Christopher Robin MacDougald wrote:
>
> Encrytion now that is fun. I had a good friend in High School write a
> recursive encrytion program based off the case sensitive password... and
> like all good encrytion programs it didn't store the password in the
> file. You know you would save memory if you didn't put the password in
> but rather decrypted using the users input that way if they enter the
> wrong password it just won't work, they have to try again until it was
> of real/integer type! That would work BTW is this for the 92?
>
> Happy Encrypting,
> Christopher
All of my work was done the 83. My favorite encryption/decryption
program was the one that used a pattern of dots as a picture. My
program workied like this. The calculator would start in the top left
corner and work down. Each column represented a letter and each row
was the next letter in the message. Theata was a space, and since A=1,
B=2, C=3...it worked out perfectly that a space was represented in
column 0. Since the 83 screen is 62 x 94 pixels, this allows for three
columns each of which has 62 letters. Do the math - 27*3 is 81, 94-81
leaves 13 unused columns. To optimize the number of letters that can
be encrypted these last 13 columns are used in the same way, except
everything is reversed.
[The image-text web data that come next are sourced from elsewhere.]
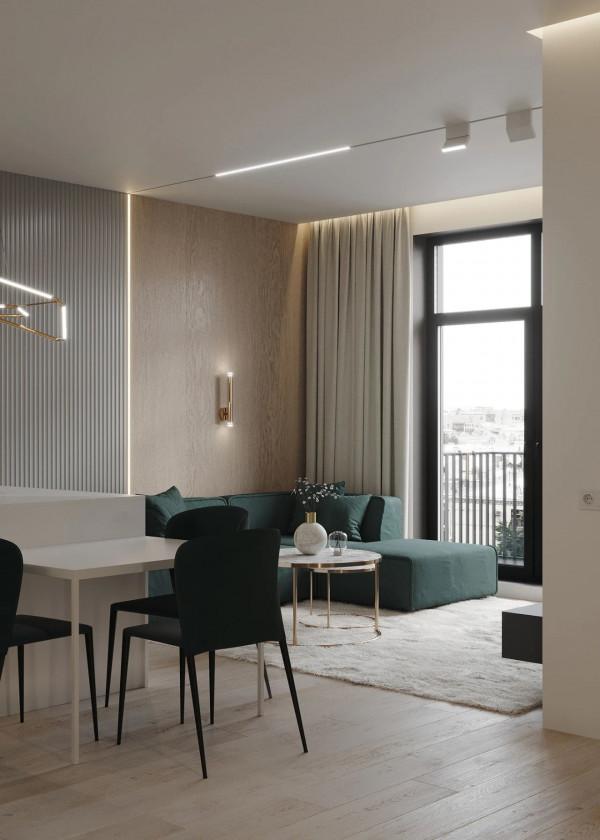 簡約而不失質感的空間設計，看一眼就被吸引到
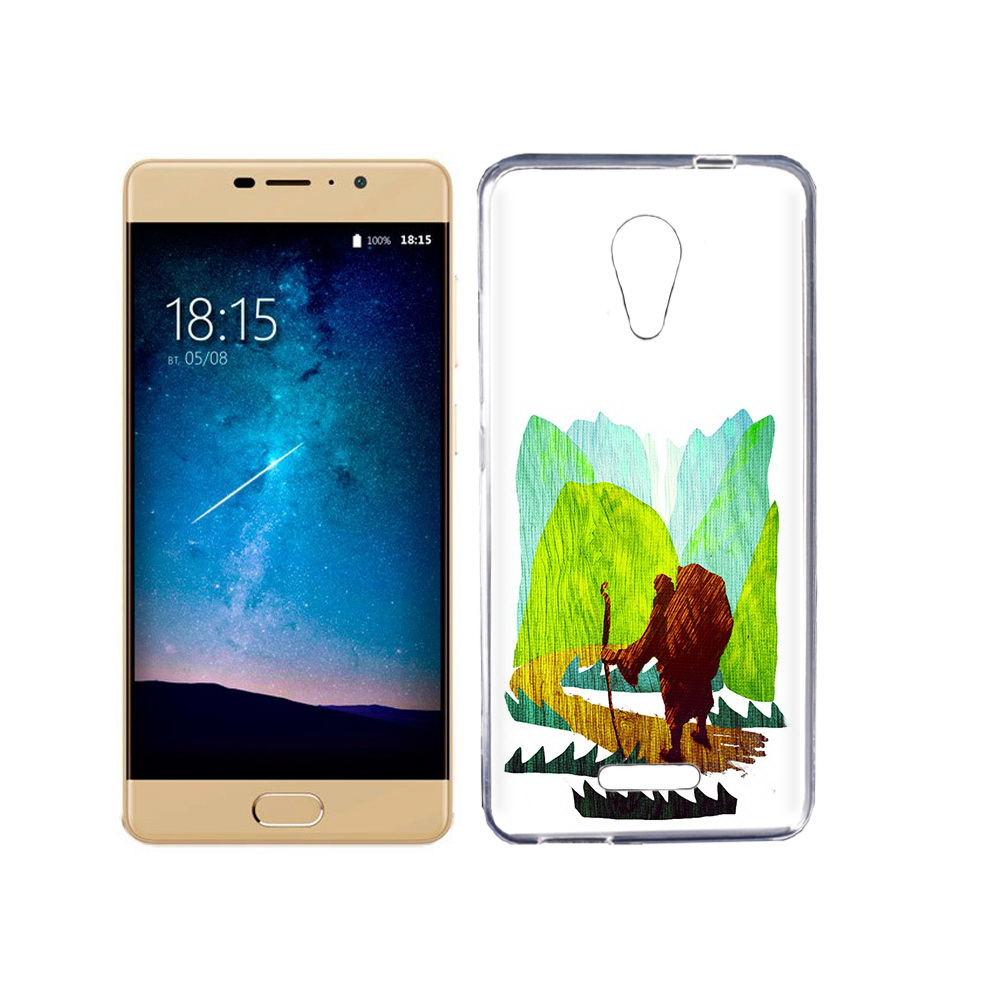 

Чехол MyPads Tocco для BQ 5201 Space Лесная тропа, Прозрачный, Tocco
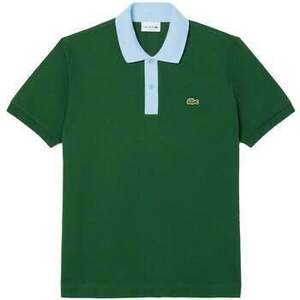 Tričká a polokošele Lacoste Classic Fit Contrast Collar Polo Shirt Green/Blue vyobraziť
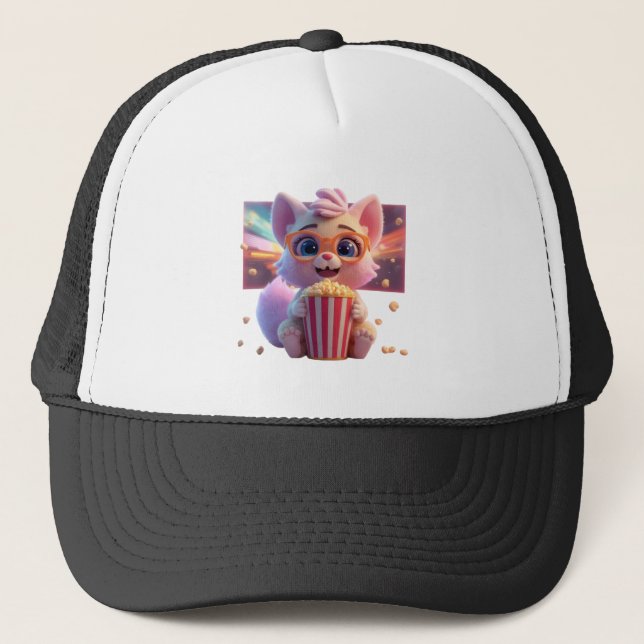 Gorro de gatito de palomitas lindo (Anverso)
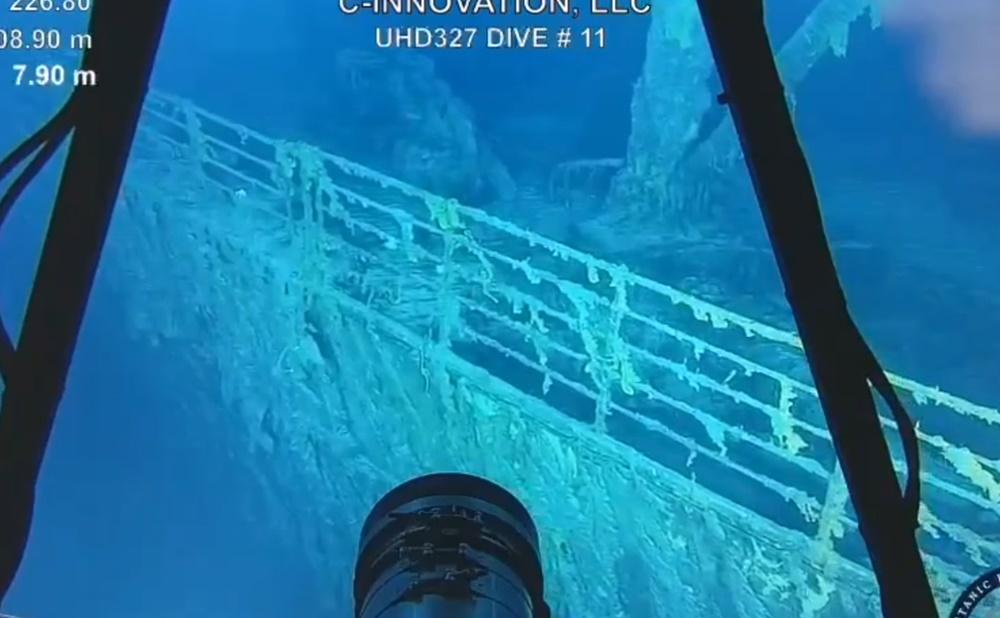 鐵達尼號船身金屬結構受到微生物啃食腐蝕中。(X)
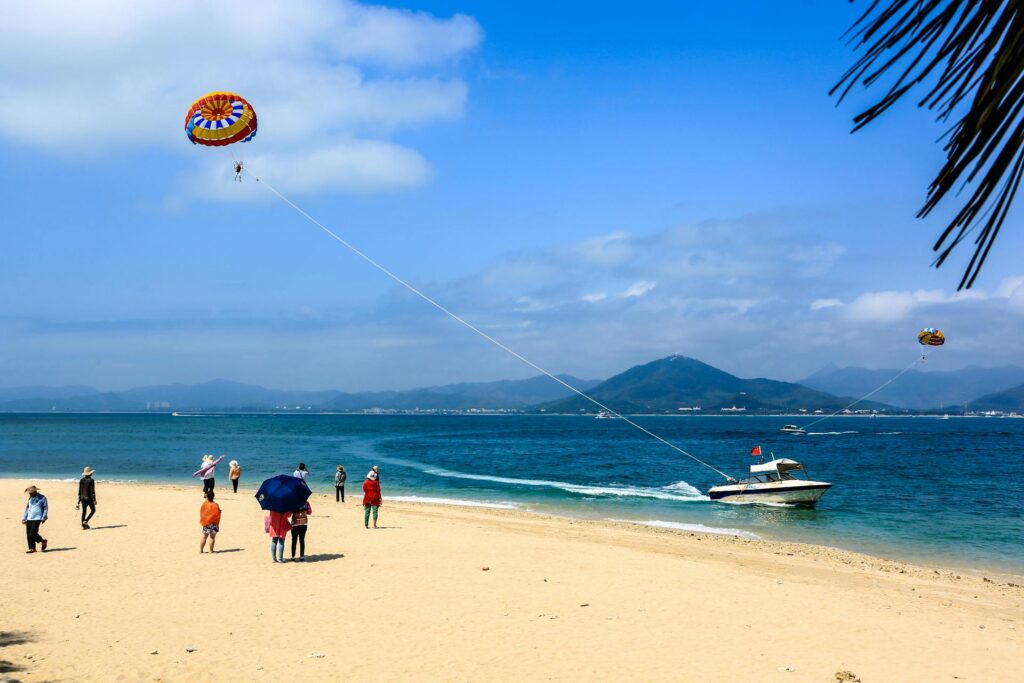 Sanya Beach parasailing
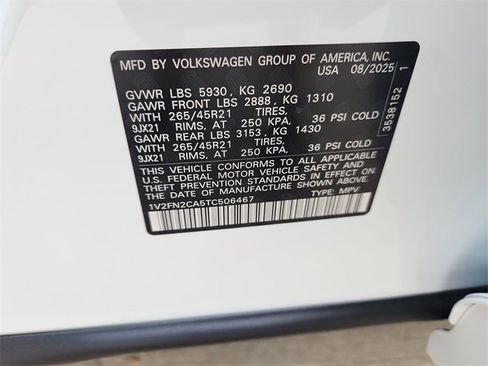 New 2026 Volkswagen Atlas SEL Premium R-Line image 10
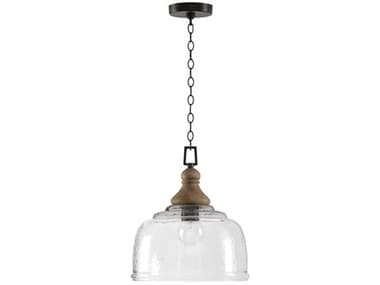 Capital Lighting 14&quot; 1-Light Grey Wash And Iron Silk Glass Bell Pendant C2330318YG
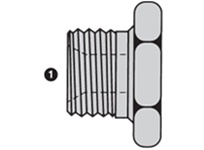 SS-9030 | BSPP Hex Head Plug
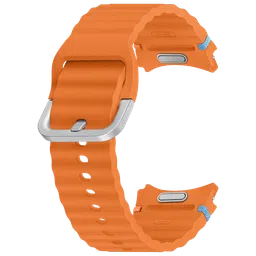 SAMSUNG ET-SNL30SOEGIN HNBR Sport Band for Galaxy Watch7 (S/M) (Breathable Design, Orange)-image-57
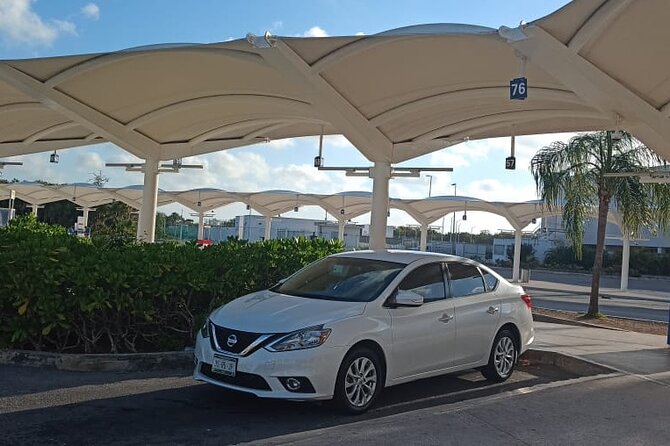 Economy Private Transfer from Tulum to Cancun Airport – Safe - Inside the air-conditioned car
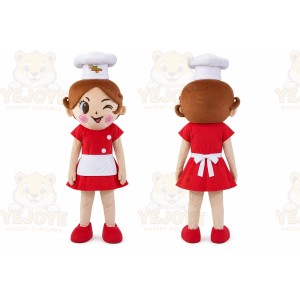 Cook Girl Mascot Costume For Adults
In those last 13 columns the letter is
represented by the row and each letter is the next column. Anyway,
this allows another 26 letters. If you notice there is a chunk up in
the upper right that is unused. This is where the password and length
of message are recorded. Now, you might be thinking that this would be
fairly easy to figure out. At least I did. To get around this problem,
each row is shifted over by a random number. In fact every 14 rows a
pattern repeats. I know it sounds confusing, but think about it like
this.
:randInt(1,7,14->L1 --say it comes up with {3,6,3,2,4,2.....}--
Now, each number in list one is the amount that the letter is shifted.
Take, for example, my name; JODY. In numbers, this is {10,15,4,25}.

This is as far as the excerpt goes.